- _Action item_
What is needed is a verbatim copy of the data, minus the pictures.

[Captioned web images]

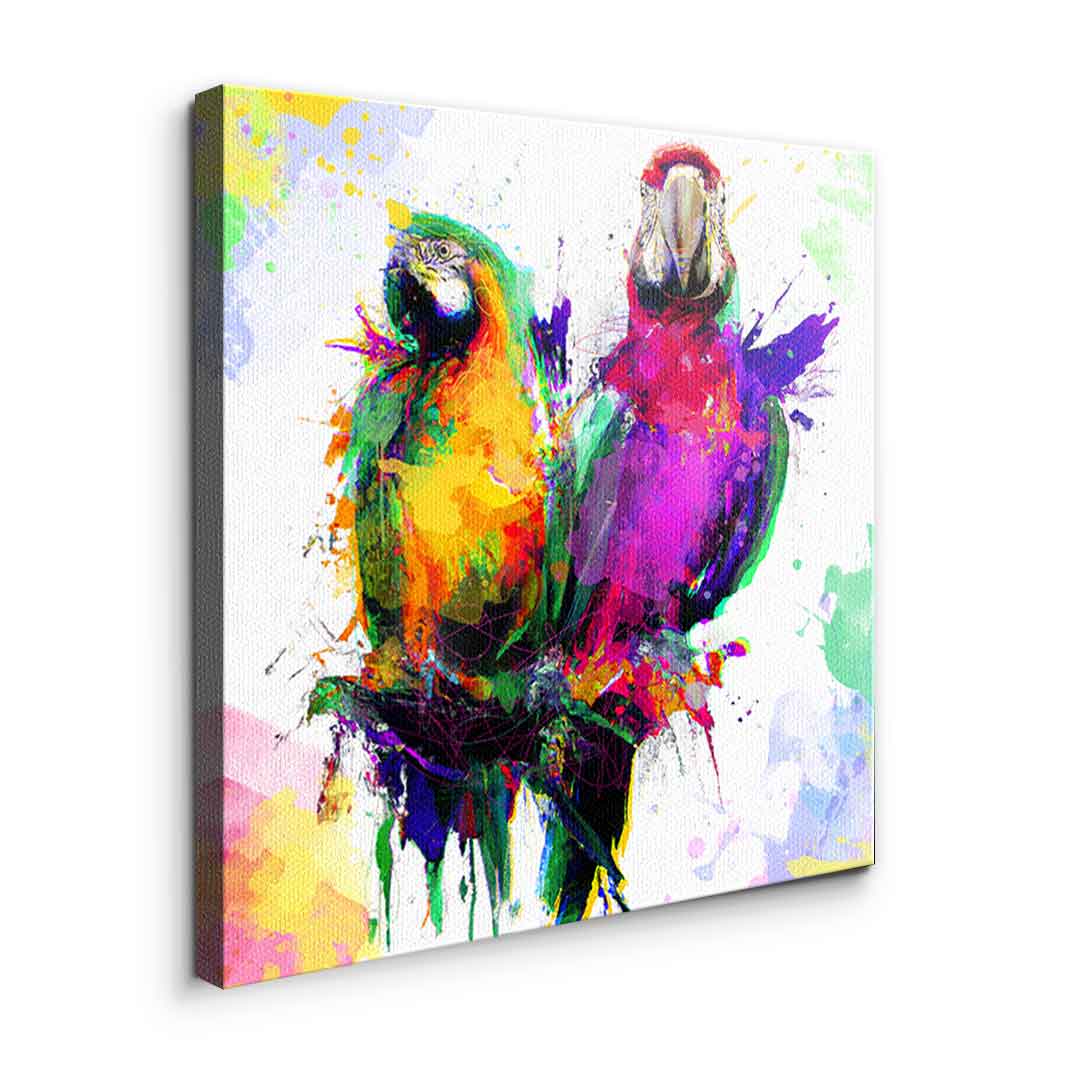Colorful Parrot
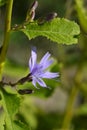 Alpine blue slow-thistle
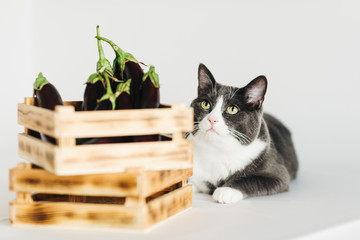 a grey cat with eggplant in a wooden crate on white background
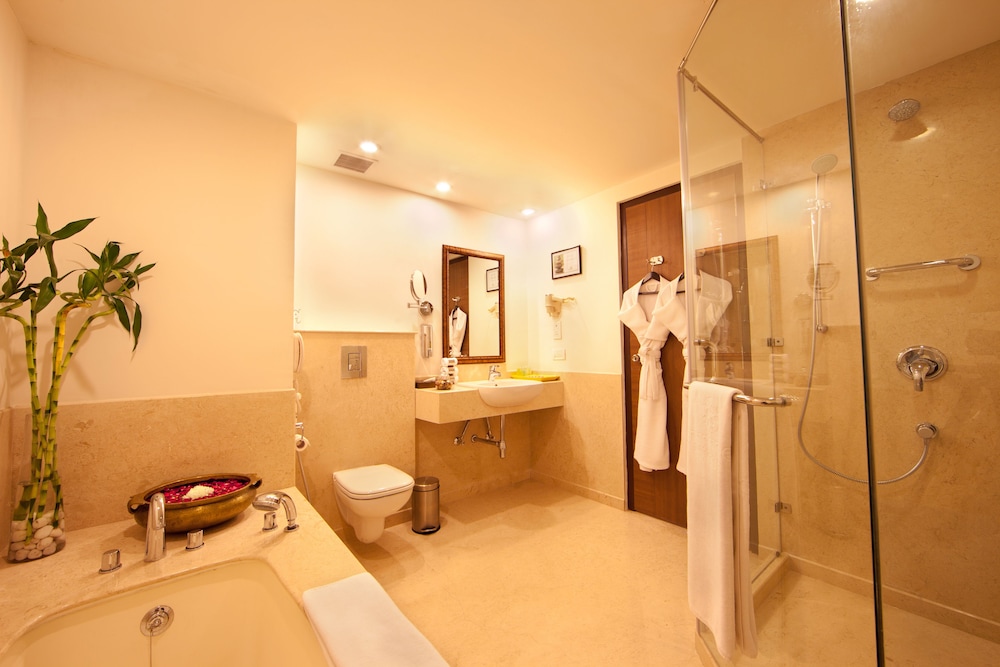 Lemon Tree Hotel Electronics City Bengaluru 30/61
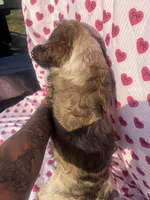 Louis, a male Cocker Spaniel for sale in Edinburg, TX – 5 of 5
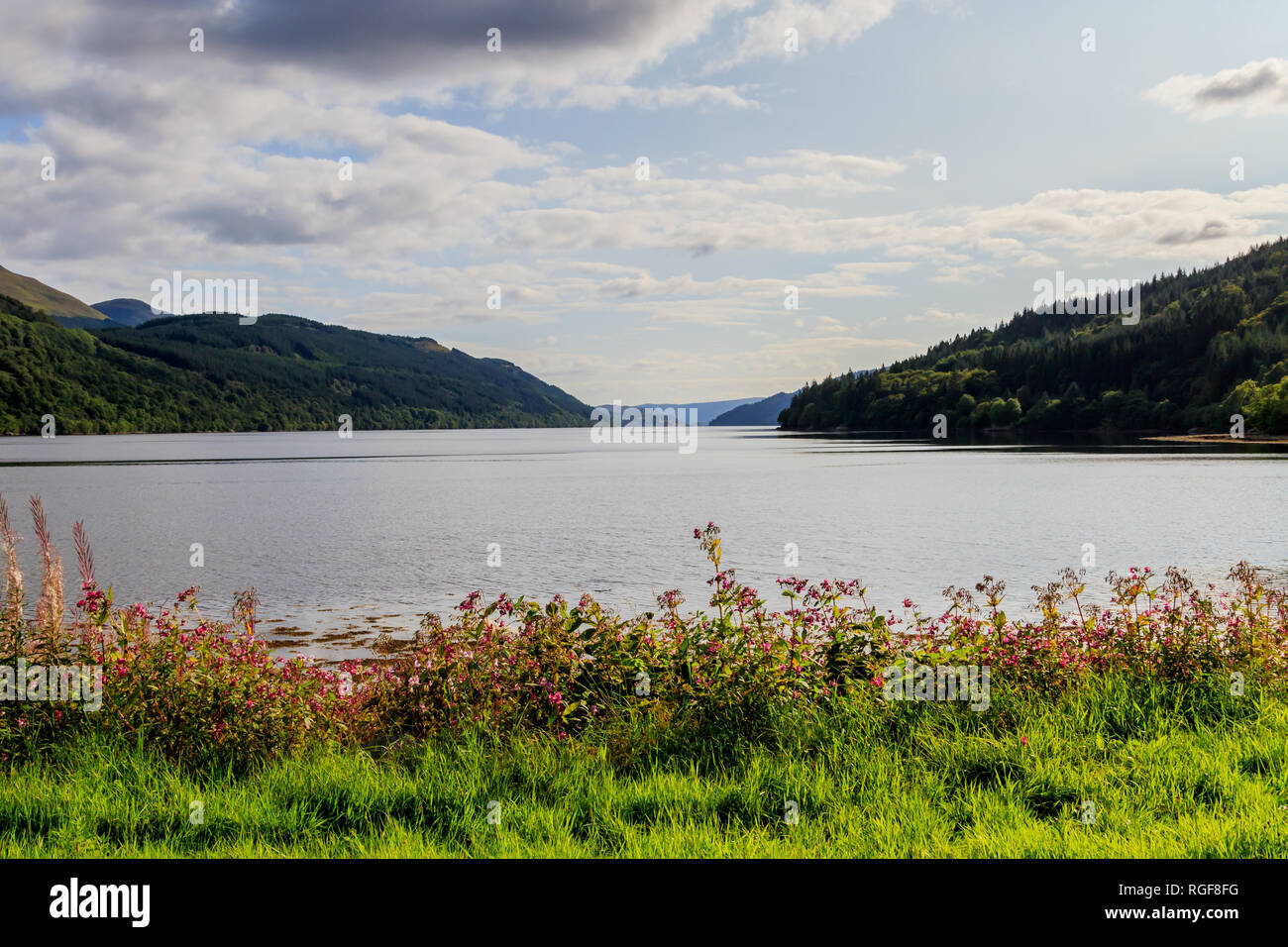 View down Loch Long Scotland Stock Photo Alamy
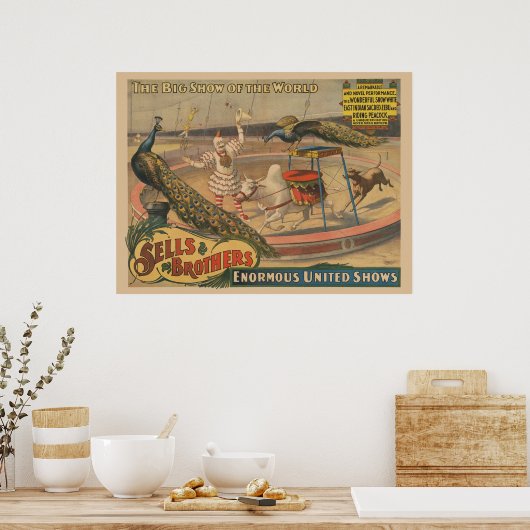 Een optredende zebu en pauw met clown trainer poster (Keuken)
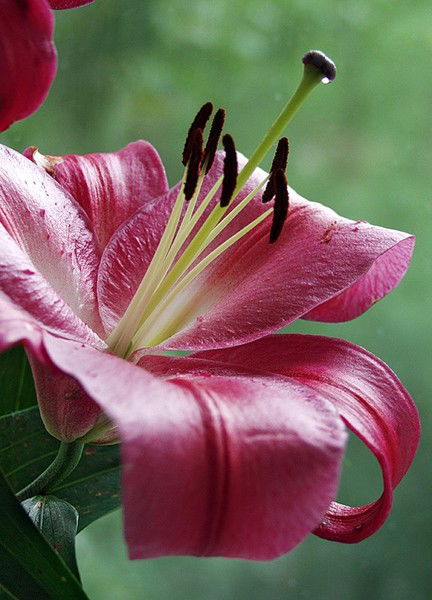 Лилия Назеева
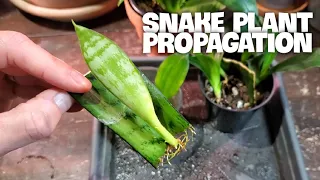 SNAKE PLANT  PROPAGATION ONE YEAR UPDATE |How To Make More Sansevieria For Free!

- _Answer space_
Colorful Parrot
 Alpine blue slow-thistle
 a grey cat with eggplant in a wooden crate on white background
 Lemon Tree Hotel Electronics City Bengaluru 30/61
 Louis, a male Cocker Spaniel for sale in Edinburg, TX – 5 of 5
 View down Loch Long Scotland Stock Photo Alamy
 Een optredende zebu en pauw met clown trainer poster (Keuken)
 Лилия Назеева
 SNAKE PLANT  PROPAGATION ONE YEAR UPDATE |How To Make More Sansevieria For Free!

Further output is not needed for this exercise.